A contrast of cultures

By DAVID YOUNT

War unexpectedly inspires poetry. Recall Kipling and Wilfred Owen. Walt Whitman celebrated the terrors of our own Civil War. But in the wake of Sept. 11, America's own poet laureate was unable to compress the national sense of outrage, fear and patriotism into verse that expresses our public faith.

No wonder: The nation's religious faith was fuzzy to begin with, benignly relying on God's special benevolence to us as a people, and on a sense of our own righteousness. Suddenly we were confronted with an evil that draws its justification from a religious faith that is rigorous. Overnight our trust in the innocence of human nature - never very high - was diminished.

The nation's publishers have been quick to respond to the national confusion. Philip Yancey's classic, "Where Is God When It Hurts?," was quickly reprinted and sold 770,000 copies virtually overnight. Churches were packed with people seeking solace. Newsmagazines attempted to answer the question, "Why do they hate us?" Pundits were not at a loss for words, some suggesting that we brought the conflict on ourselves by our political arrogance and cultural decadence. They were condemned as unpatriotic. Peace protesters, quoting Gandhi, Nelson Mandela and Martin Luther King, Jr. on nonviolence, were popularly dismissed as dreamers.

It is now apparent that Islamic fundamentalists have no particular grudge against other faiths. Rather, they consider Americans to be unfaithful to Christianity. Like puritans of all religions, Muslim extremists are strict constructionists. When they look at America they see a nation of churchgoers who worship Hollywood, fashion, gossip, games, diets and sexual license, and whose charity does not extend to the largely Islamic Third World.

In short, their complaint is not with Christianity but with secular humanism, the West's inheritance from the Age of Enlightenment, which gave us our political freedoms at the cost of displacing God to enshrine man as the measure of all things.

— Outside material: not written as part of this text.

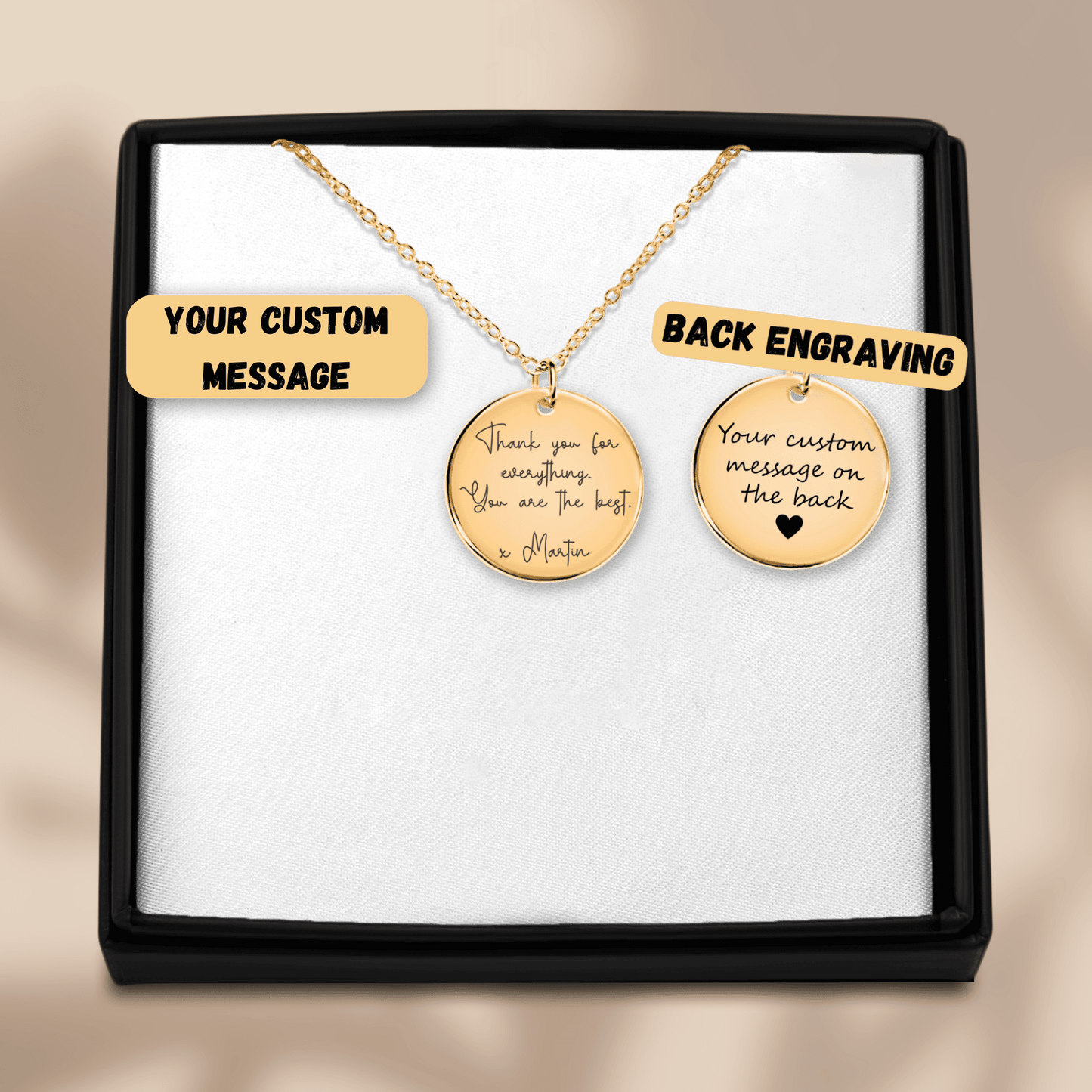 Custom Engraved Message Necklace With Optional Engraving On The Back.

It is precisely because the American Dream of the good life has largely lost its religious roots that radical Islam feels justified in considering Americans infidels. Islamic fundamentalists feel under siege by the West's secular culture of permissiveness, which they find seductive, but ungodly and hypocritical. When they look at America they see a nation that glories not in God but in "Baywatch."

Equality, freedom and individualism are values America inherited not from the Age of Faith but from the Age of Reason. Islamic fundamentalism finds much of American culture to be offensive and individualism to be an affront to the Creator.

The focus of Islamic faith is obedience to God and holy law. A Muslim believer is faithful by virtue of submission to God's will. A good Muslim is one who keeps all the rules, whereas a good Christian is a sinner who yet believes and repents. The contrast of cultures is combustible. In the estimation of Islamic extremists, Americans are at liberty to indulge in permissiveness and sensuality, because they are certain to be forgiven.